### Your objective
This task calls for the lines below starting at the one containing "304 E Walnut St, Roselle, IL 60172 photo 23" and ending at the one containing "店内奥には広々空間。テーブル", repeated exactly with both ends kept and pictures left out.

### Extracted data
+ + + +

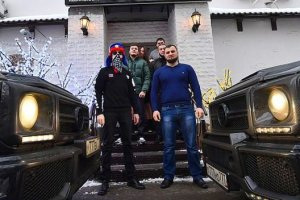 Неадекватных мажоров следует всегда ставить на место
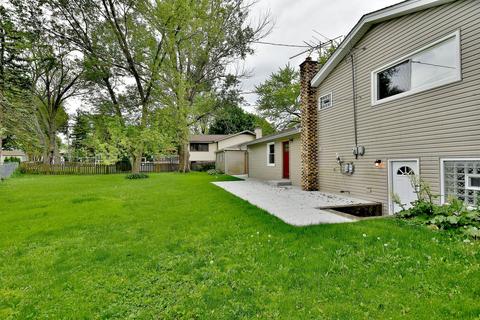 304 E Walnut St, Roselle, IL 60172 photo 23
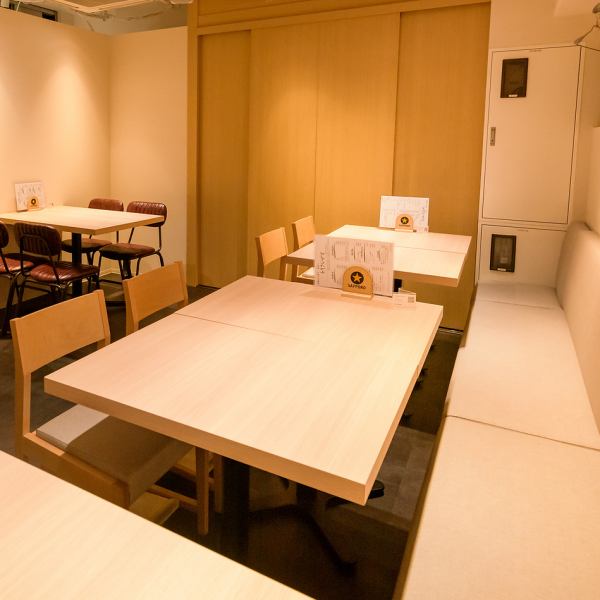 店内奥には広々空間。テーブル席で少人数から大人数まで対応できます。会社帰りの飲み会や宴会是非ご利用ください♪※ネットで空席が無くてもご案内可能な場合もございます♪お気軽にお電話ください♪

+ + + +

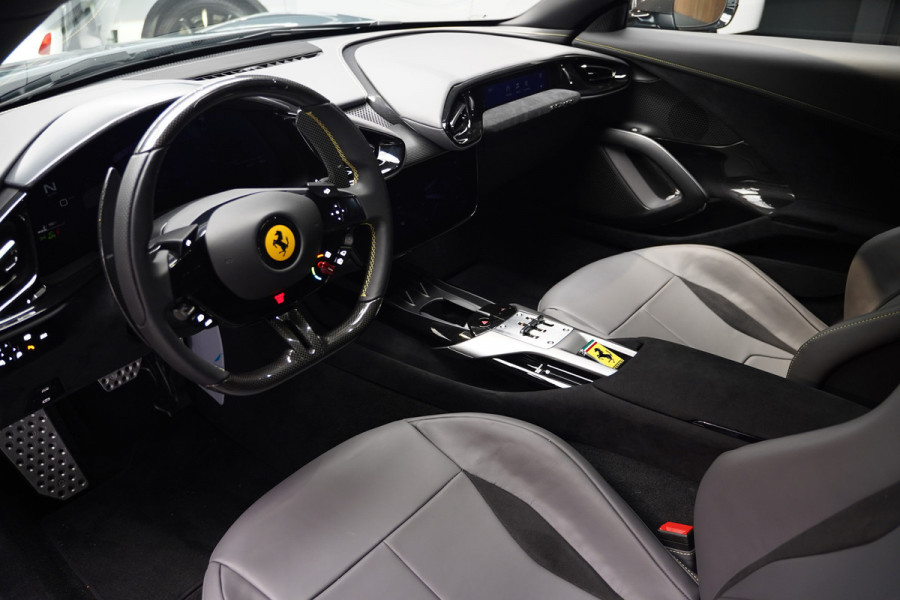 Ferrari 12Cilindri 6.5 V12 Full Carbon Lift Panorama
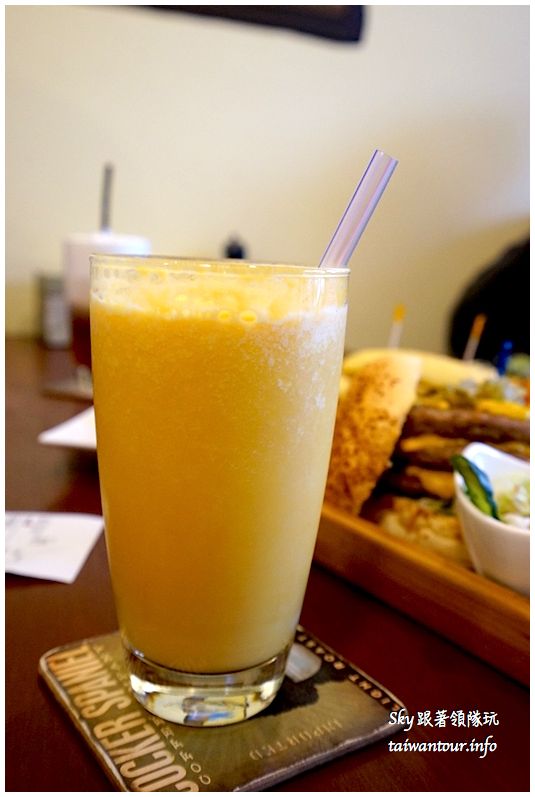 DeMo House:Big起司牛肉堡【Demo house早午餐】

+ + + +

### Answer space
 304 E Walnut St, Roselle, IL 60172 photo 23
 店内奥には広々空間。テーブル席で少人数から大人数まで対応できます。会社帰りの飲み会や宴会是非ご利用ください♪※ネットで空席が無くてもご案内可能な場合もございます♪お気軽にお電話ください♪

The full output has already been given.